Shih Tzu Colors and Markings

Coat With Many Colors
well-groomed dog siting on a table at a dog show


Explore the various combinations of Shih Tzu colors and markings with longtime Shih Tzu breeder Wendy Paquette.


Let’s compare Shih Tzu Breed Standards from around the World:
  • AKC – “All are permissible and to be considered equally.
  • CKC – “All colors are acceptable providing they have black noses, lips and eye rims. The exceptions are the livers and blues which have pigmentation that compliments that particular color.” There is a DQ for “one or two blue eyes.
  • FCI – “All colors permissible, white blaze on forehead and white tip to tail highly desirable in parti colors.
  • UK – “All colours except merle permissible, white blaze on forehead and white tip to tail highly desirable in parti-colours.


Basically, the four Standards say the same thing: All colors are to be treated equally… but are they?

I have dabbled in solid colors over the past 50 years of breeding. However, I’ve always found it very frustrating that solid-colored Shih Tzu (or those with dark faces) are often overlooked. Why is that?

They are the same breed and should be judged accordingly on structure, like all the parti-colors. Too often they are at the back of the line as judges (and, sometimes, of course, breeders) are not fans of the solid colors. The solid-colored dogs, however, may be the breeder / owner’s preference. So, when judging breeding stock, they should be given equal consideration.

side-by-side image of 3 shih tzus

Regardless of color, please judge the dog as a whole entity; keeping in mind that “All colors are acceptable.”

Yes, the majority of Shih Tzu breeders will only show you the parti colors with big white faces, white blaze, etc., all coming in a variety of colors. However, what is underneath the color/coat must also be given the same recognition.

More and more we are seeing a large variety of new Shih Tzu colors and markings. One of the biggest problems with the different registering clubs is that all of these new colors are not being identified properly! Therefore, when looking at pedigrees, it may say the dog is black and white when in reality it is a tri. Otherwise, a dog that is black with tan should be identified as black and tan markings.

Genetically, I believe that the majority of colors listed on pedigrees are wrong, given that they are now coming up with names such as sable, red with tan points, sable with tan points, chocolates, etc. Is a sable with tan points the same description given to a variety in other breeds? Some examples are German Shepherds and Pomeranians. None of these new colors are listed for registration purposes.

I am attaching a few of the different Shih Tzu color combinations here. Even though livers and blues are mentioned, one will rarely find them in the show ring, but you will see them most likely in puppy mill ads etc. However, having said this, they are not to be ruled out in the conformation ring as they are acceptable colors.
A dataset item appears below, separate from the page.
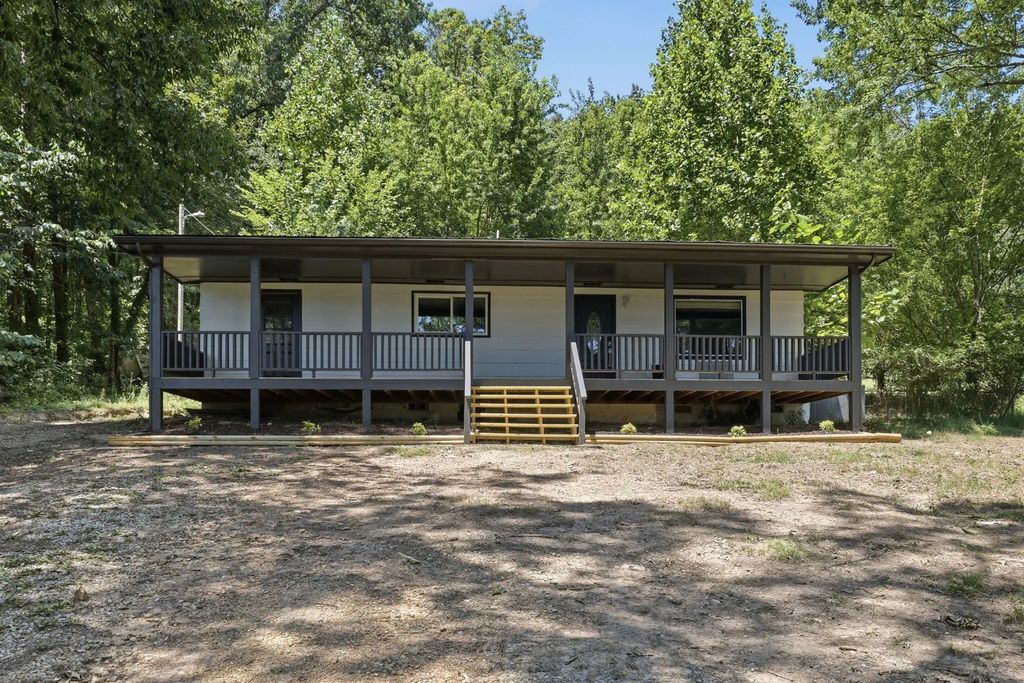 664 Red Hill Valley Road, Cleveland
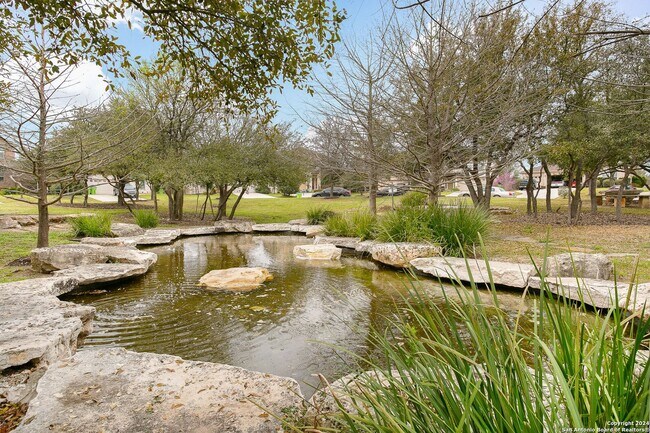 Building Photo - BEAUTIFUL 3-BEDROOM D.R. HORTON HOME IN RE...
So, to summarize: Regardless of colors, please judge the Shih Tzu dog as a whole entity; keeping in mind that “All colors are acceptable.

  • Wendy has been involved in purebred dogs since 1971. She began her career breeding Shih Tzu, and along the way has owned and bred Samoyeds, Afghans, Salukis, Whippets, Brussels Griffon, Maltese, Pekingese, Lakeland Terriers and Wire Fox Terriers. She specializes in Shih Tzu and Lakeland Terriers as her main breeds and has produced over 250 Canadian Champions, 80 American Champions, 16 different Best In Show winners and 10 National Specialty winners. Wendy is a co-owner of Wenrick Kennels Incorporated. The Wenrick Shih Tzu breeding program is world-renowned. Wendy is also a retired professional dog handler. A profession she enjoyed for 15 years. During this time she finished over 500 champions in 80 different breeds and won 150+ All Breed Best in Shows with 16 different breeds. She also owned and piloted a Pekingese “Bingo”, Am Can Ch Rodari’s Aces High to the number 2 All Breeds in Canada in 1994. She has been honored with lifetime memberships in the Canadian Kennel Club, the Sudbury & District Kennel Club and the Canadian Shih Tzu Club. She was also awarded an Honorary Membership in the Canadian Professional Handlers Association. Wendy is a Canadian Kennel Club (CKC) Licensed All Breed Judge, a founding member of the Canadian Dog Judges Association (CDJA) and a member of the American Dog Judges Association (ADSJA). In addition to Canada and the USA, she has judged in Australia, New Zealand, Bermuda, Brazil, Colombia, Chile, Peru, Japan, Mexico, Taiwan, South Africa, Denmark, Italy, Finland, Norway, Sweden and Ireland.